Ghana has identified 17 sites for future nomination into the World Network of Biosphere Reserves under the United Nations Educational, Scientific and Cultural Organisation (UNESCO).
Biosphere Reserves are specially protected areas where diverse plants and animals exist with some level of human activity to conserve biodiversity and sustainable development and also serve as referral systems for monitoring and evaluating changes in natural ecosystems.
Out of the network of 727 reserves in 131countries, Ghana is currently hosting three, comprising Bia Biosphere Reserve, the largest, located in the Western Region (since 1983); Songor Ramsar Site in Greater Accra (2011) and Lake Bosomtwe Biosphere Reserve in Ashanti (2016).
The potential sites include Nzulezu Wetland; Jachie Sacred Grove; Mpirisi Sacred Groove; Boateng-Fiema Monkey Sanctuary; Atiwa Forest Reserve; Shai Hills Reserve; the Kakum, Mole, Digya and Bui national parks; Gbele Resources Reserve; Tano-Ofei Range; Apedwa Hills; Kwahu Scarp; Kyaboo Transboundary Reserve, and Mount Afadzato and Agumatsa Wildlife Sanctuary.
This came to light at the launch of a handbook for the mainstreaming of the Biosphere Reserve concept into development planning, held on Tuesday at Sege in the Ada West District.
The 47-page manual is to make biosphere issues a normal component in the national development planning and budgeting process at all levels as the basis for sustainable financing of its activities.
It was designed by the National Committee of the UNESCO Man and the Biosphere (MAB) hosted by the Environmental Protection Agency (EPA) with support from the National Development Planning Commission (NDPC); Forestry Commission, academia, and some district assemblies.
In a presentation, the MAB subcommittee chair, Prof. Dennis Aheto, said the development of the handbook started in 2018 in line with the Ghana Action plan(2018- 2025) for the MAB programme, a requirement of the network of world biosphere reserves network as well as the United Nations Sustainable Development Goals.
The mainstreaming activities in the book, he said, included stakeholder engagements; communication and information sharing; capacity building and conscious allocation of funds for biosphere related activities.
“Biosphere reserves are models for sustainable development and research laboratories for climate change mitigation and adoption. They are also tools for the attainment of all the SDGs and we must work to protect them,” he said.
The Secretary-General for the Ghana Commission for UNESCO, Ama Nerquaye-Tetteh, commended Ghana for its tree planting exercise; support for global environmental initiatives, and the development of the manual and urged the country to do more to protect its reserves.
The Director-General of the NDPC, Dr Kodjo Mensah-Abrampa, said the effective way of implementing national policies was through integration into all levels of planning.
Describing the biosphere as critical to the country’s sustainable development, he urged all districts to take the handbook seriously and urged stakeholders to monitor and ensure its content was implemented.
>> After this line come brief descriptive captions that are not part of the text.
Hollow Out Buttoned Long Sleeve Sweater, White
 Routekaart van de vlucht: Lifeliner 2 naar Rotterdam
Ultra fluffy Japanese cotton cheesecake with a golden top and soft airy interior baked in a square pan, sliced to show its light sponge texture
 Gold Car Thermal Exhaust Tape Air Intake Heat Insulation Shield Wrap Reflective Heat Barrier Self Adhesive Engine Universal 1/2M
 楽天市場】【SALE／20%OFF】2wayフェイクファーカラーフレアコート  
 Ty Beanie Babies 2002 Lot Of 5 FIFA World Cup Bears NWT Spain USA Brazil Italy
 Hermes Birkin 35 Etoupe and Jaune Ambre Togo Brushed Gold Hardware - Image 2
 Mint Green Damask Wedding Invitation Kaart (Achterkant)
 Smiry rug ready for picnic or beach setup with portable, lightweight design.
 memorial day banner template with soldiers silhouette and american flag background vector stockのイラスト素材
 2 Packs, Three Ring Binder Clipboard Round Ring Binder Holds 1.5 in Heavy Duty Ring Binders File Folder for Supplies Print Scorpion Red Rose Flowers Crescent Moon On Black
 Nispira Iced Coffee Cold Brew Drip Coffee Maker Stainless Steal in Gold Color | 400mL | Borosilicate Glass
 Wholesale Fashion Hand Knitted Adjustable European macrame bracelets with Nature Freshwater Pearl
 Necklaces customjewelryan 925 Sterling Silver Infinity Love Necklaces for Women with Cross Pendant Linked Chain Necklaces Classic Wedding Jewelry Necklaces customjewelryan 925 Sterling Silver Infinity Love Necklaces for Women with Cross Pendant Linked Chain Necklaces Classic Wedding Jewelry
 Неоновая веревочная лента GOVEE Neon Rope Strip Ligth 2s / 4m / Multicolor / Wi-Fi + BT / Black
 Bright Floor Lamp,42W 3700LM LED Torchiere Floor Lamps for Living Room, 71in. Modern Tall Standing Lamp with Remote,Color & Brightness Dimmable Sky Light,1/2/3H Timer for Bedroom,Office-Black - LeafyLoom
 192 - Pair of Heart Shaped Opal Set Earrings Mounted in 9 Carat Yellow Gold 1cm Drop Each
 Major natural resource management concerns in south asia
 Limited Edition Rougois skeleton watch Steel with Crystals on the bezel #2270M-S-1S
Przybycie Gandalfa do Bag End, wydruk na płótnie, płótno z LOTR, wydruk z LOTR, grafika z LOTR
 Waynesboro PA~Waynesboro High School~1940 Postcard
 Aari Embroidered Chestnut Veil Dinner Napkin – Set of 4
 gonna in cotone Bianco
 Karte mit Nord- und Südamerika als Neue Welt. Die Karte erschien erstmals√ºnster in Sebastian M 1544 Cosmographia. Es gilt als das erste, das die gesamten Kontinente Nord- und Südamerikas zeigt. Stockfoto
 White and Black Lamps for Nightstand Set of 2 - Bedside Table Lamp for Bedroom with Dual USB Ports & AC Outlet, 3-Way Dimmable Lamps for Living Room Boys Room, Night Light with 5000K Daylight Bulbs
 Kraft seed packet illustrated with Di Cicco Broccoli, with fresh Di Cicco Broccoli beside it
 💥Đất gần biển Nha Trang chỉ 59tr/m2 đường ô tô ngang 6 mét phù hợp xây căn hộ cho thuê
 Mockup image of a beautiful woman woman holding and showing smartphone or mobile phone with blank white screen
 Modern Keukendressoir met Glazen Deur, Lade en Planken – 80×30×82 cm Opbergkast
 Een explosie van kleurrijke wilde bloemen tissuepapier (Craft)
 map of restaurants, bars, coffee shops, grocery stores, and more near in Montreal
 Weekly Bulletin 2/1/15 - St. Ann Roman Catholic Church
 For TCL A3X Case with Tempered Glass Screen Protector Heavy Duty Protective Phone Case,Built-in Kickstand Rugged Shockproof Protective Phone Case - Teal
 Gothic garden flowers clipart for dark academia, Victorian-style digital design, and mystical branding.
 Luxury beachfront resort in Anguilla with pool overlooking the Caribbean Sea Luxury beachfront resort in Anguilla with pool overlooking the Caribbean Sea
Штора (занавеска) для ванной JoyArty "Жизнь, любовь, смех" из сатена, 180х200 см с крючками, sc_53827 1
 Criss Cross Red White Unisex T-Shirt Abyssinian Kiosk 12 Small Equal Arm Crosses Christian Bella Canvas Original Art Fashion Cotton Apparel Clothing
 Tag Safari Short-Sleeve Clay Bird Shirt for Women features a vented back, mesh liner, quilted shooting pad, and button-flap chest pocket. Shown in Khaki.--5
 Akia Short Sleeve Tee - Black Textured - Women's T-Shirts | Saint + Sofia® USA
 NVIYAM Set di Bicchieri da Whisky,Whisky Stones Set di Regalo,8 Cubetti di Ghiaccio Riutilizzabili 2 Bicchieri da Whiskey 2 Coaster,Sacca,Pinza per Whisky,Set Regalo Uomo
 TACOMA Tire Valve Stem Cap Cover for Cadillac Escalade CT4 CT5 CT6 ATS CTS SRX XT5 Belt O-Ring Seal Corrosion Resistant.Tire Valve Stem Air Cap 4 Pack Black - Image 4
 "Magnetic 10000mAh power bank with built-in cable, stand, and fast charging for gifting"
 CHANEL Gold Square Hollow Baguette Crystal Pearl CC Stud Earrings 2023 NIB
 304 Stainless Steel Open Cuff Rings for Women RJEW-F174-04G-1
On behalf of the EPA, the Ghana MAB coordinator, Sheila Ashong, expressed the hope that the strong stakeholder engagement held over the period would propel the implementation of the activities outlined in the document for collective gains.
The District Chief Executive, SampsonKpankpah, pledged to ensure that the assembly which hosts the second biggest biosphere reserve in the country will implement all policies and strategies.